#### [Collected material]
..........
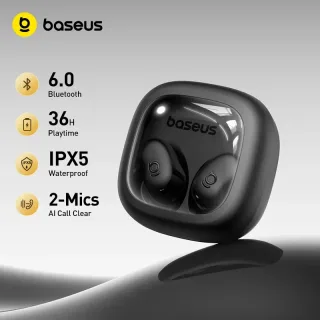 Baseus Bass WM02s Fones de Ouvido Sem Fio Bluetooth 6.0 TWS Mini e Compactos, Confortáveis de Usar, 36 Horas de Bateria, IPX5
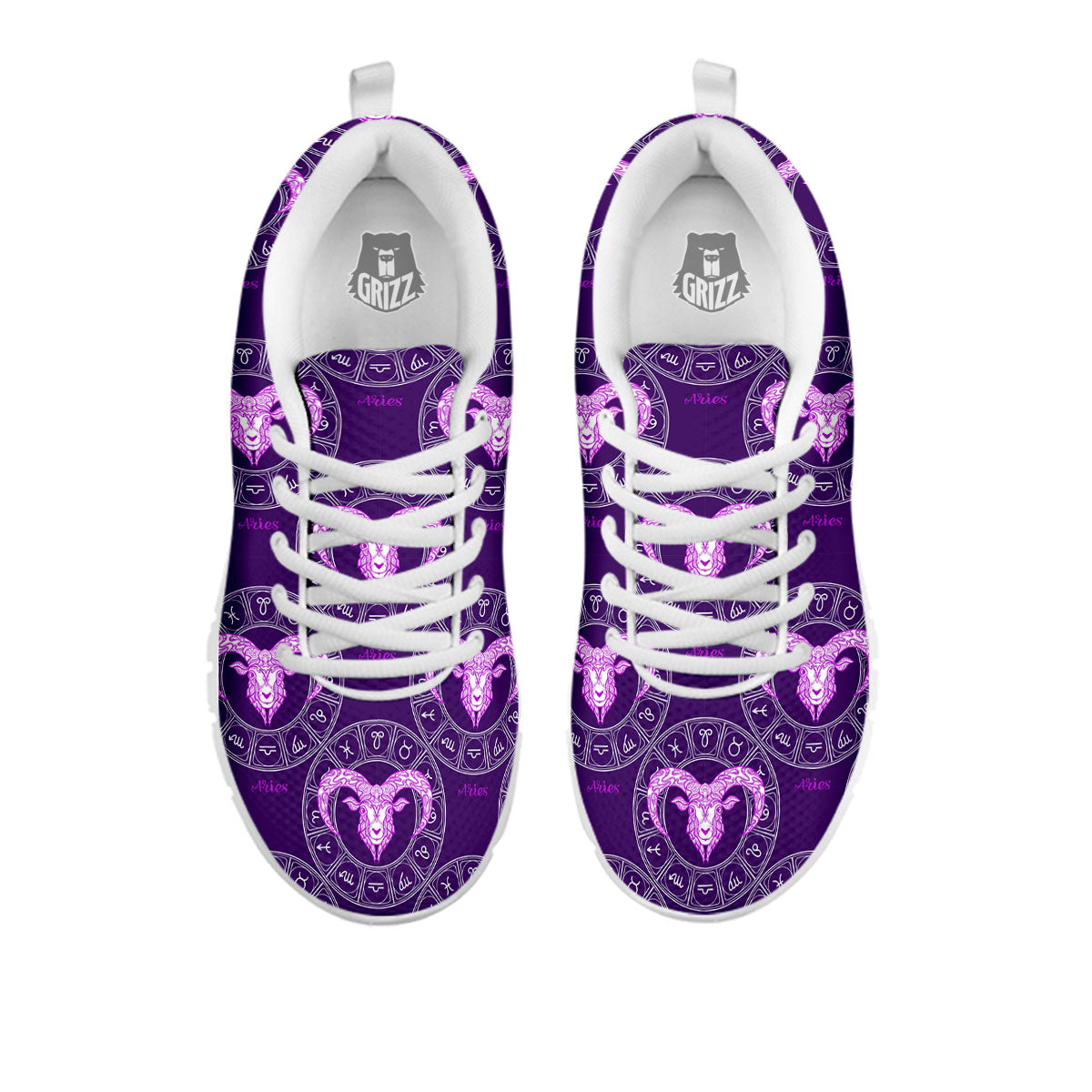 Zodiac Aries Purple Print Pattern White Sneaker-grizzshop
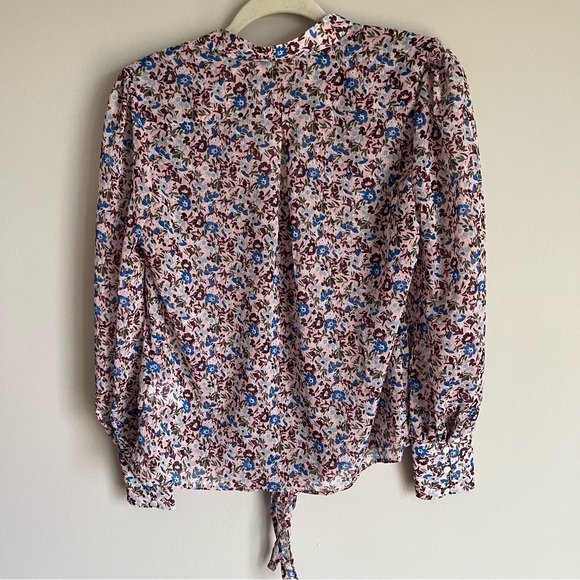 The East Order Sophie Chiffon Tie Front Blouse Multicolor Floral Print Size XS - Picture 10 of 15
..........
#### [What is being asked]
Only the pictures should be left out; the rest of the material above must be repeated exactly.

#### [Output of the exercise]
 Baseus Bass WM02s Fones de Ouvido Sem Fio Bluetooth 6.0 TWS Mini e Compactos, Confortáveis de Usar, 36 Horas de Bateria, IPX5
 Zodiac Aries Purple Print Pattern White Sneaker-grizzshop
 The East Order Sophie Chiffon Tie Front Blouse Multicolor Floral Print Size XS - Picture 10 of 15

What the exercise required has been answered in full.